風通織袋帯「花唐草市松」

 黄色はさまざまなバリエーションを作っていますが、父も私もよく作ってきた色で木屋太らしい色の一つかもしれません。「花唐草市松」と名付けられたこの柄、モチーフはこれまた木屋太にとっての定番「コプト裂」からになります。市松の中の白のうねっている唐草文様はコプト裂やヨーロッパでも見るパターンで描かれています。メソポタミア文明のくさび形文字がルーツと言われる唐草文様ですが、意識してみるとシルクロードのどこで作られてきた文様なのか読み解くためのヒントになるかもしれません。
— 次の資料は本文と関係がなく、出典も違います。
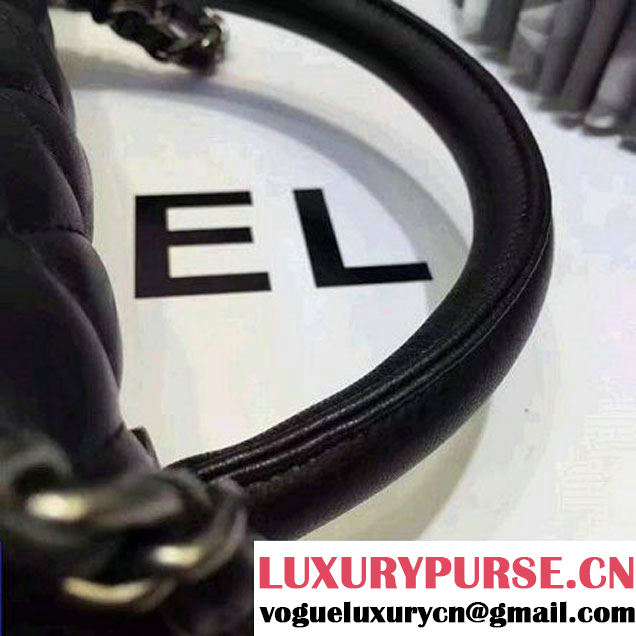Chanel A93279 Large Lambskin Flap Bag With Handle All Black 2016 (AV-7020804 )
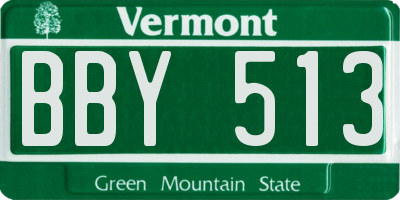 VT license plate BBY513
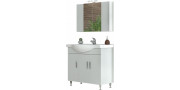 Έπιπλο μπάνιου σετ με νιπτήρα και καθρέπτη με ντουλάπι DROP LUNA 100 cm Λευκό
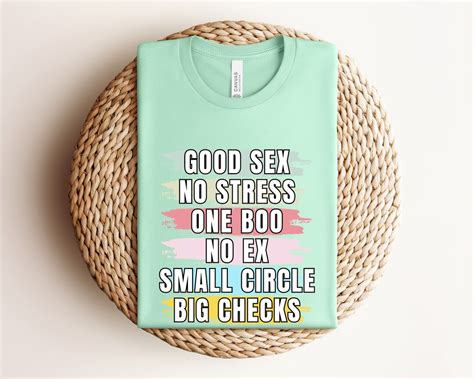 Good Sex No Stress One Boo No Ex Small Circle Big Checks T Shirt Funny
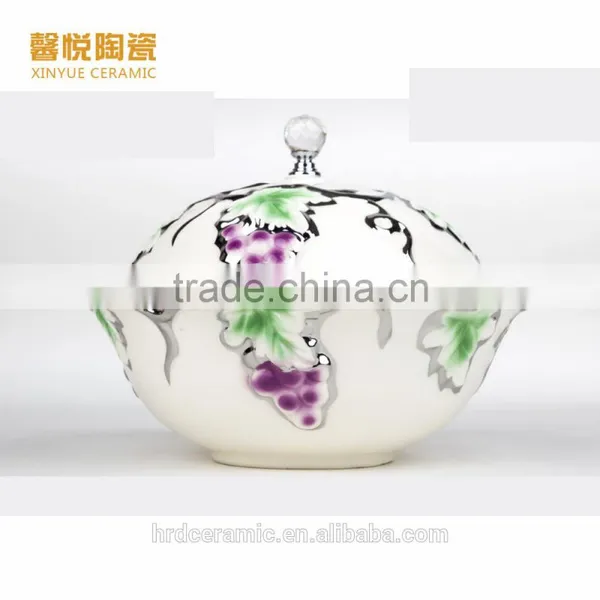 New Style China Ceramic Electroplating Soup Bowl With Lid photo-3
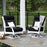  Classic Terrace Wight High Back Swivel Rockers White with Canvas Black Cushions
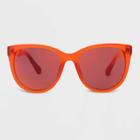 All In Motion Women's Matte Plastic Cateye Sunglasses With Orange Polarized Lenses - All In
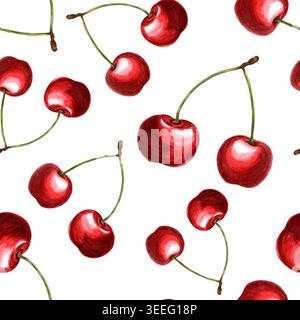 Nahtloses Muster in Kirschen-Aquarellen. Sommer Frucht Handdruck für Textil- und Papiermotive. Hintergrund der roten Beeren für Tapeten und Umhüllungen Stockfoto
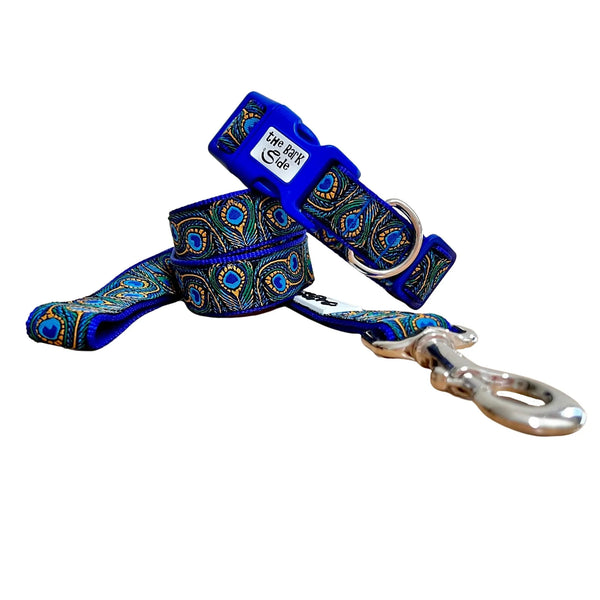 Peacock Feather Dog Collar - Hand Made by The Bark Side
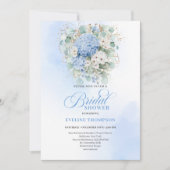 Chic Bridal Shower Blue Hydrangeas Gold Invitation 招待状 (正面)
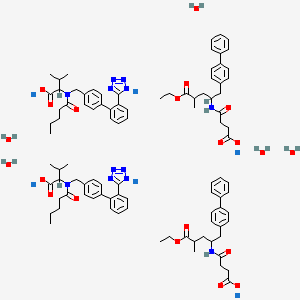 molecular formula C96H120N12Na6O21 B15508336 Hexasodium;4-[[5-ethoxy-4-methyl-5-oxo-1-(4-phenylphenyl)pentan-2-yl]amino]-4-oxobutanoate;3-methyl-2-[pentanoyl-[[4-[2-(1,2,3-triaza-4-azanidacyclopenta-2,5-dien-5-yl)phenyl]phenyl]methyl]amino]butanoate;pentahydrate 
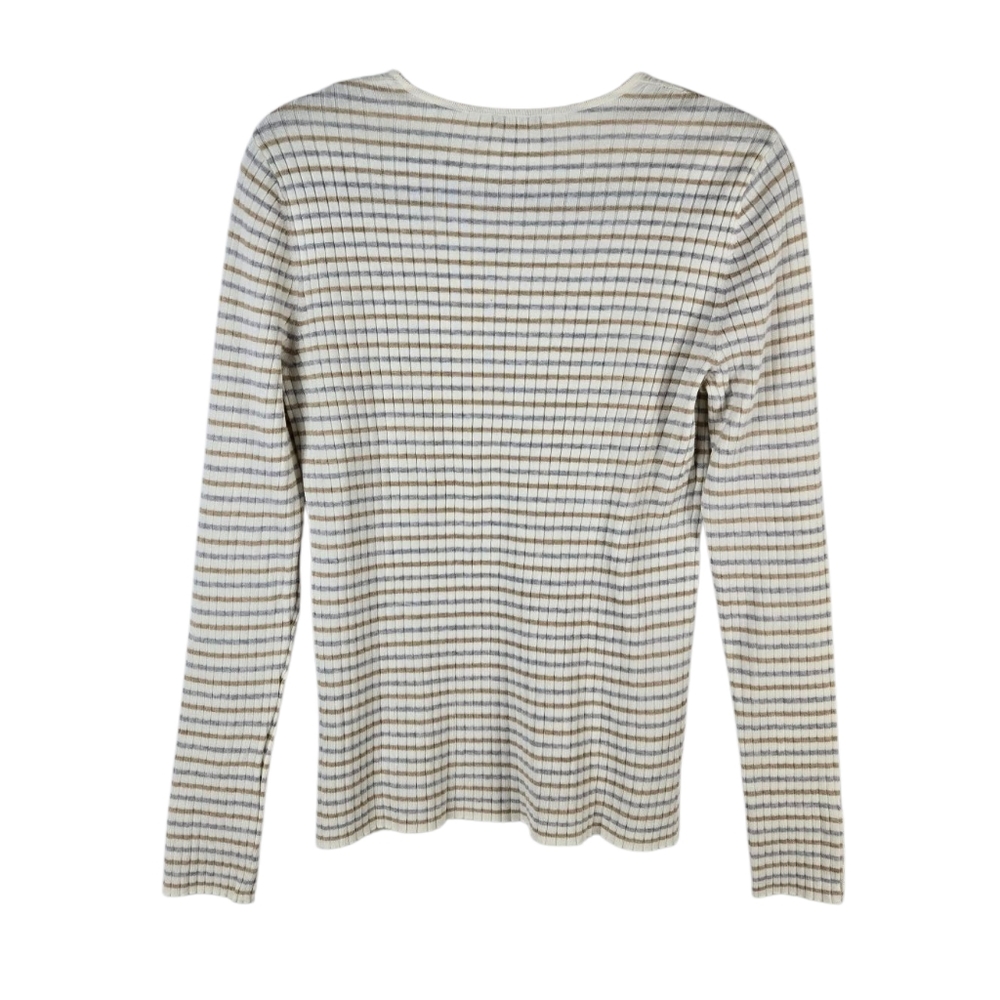 J. Mclaughlin Striped Ivory Button Cuff Light Kni… - image 2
 配色はモチーフの実物とは異なる配色になります。地色のレモンイエローに合わせたモダンな配色にしました。今年はビタミンカラーを意識して製作していますが、元気があって街並みにも映える配色になったと思います。

 黄緑の緯糸は浮かして織ることで発色良くボリュームのある表現にしました。白い唐草の部分と立体感の差がこの柄の面白さではないでしょうか?

 柄作りの段階で、どのような糸でどのような織技法にするかを考えて、わずか何mmの織物の厚みの中で奥行きを作っていくのが柄作りのポイントの一つになります。下書きが終わっていても、その柄にふさわしい演出方法が決まらないために、保留になっている未完成の柄もたくさんあるんですよ。

 黄色の部分について、上の写真ではレモンイエローのように見えますが下の写真を見ると赤みの黄色も混じっていることがわかっていただけるでしょうか。1本の糸の中に複数色の色を染めることで単色ではできない複雑な色を表現しています。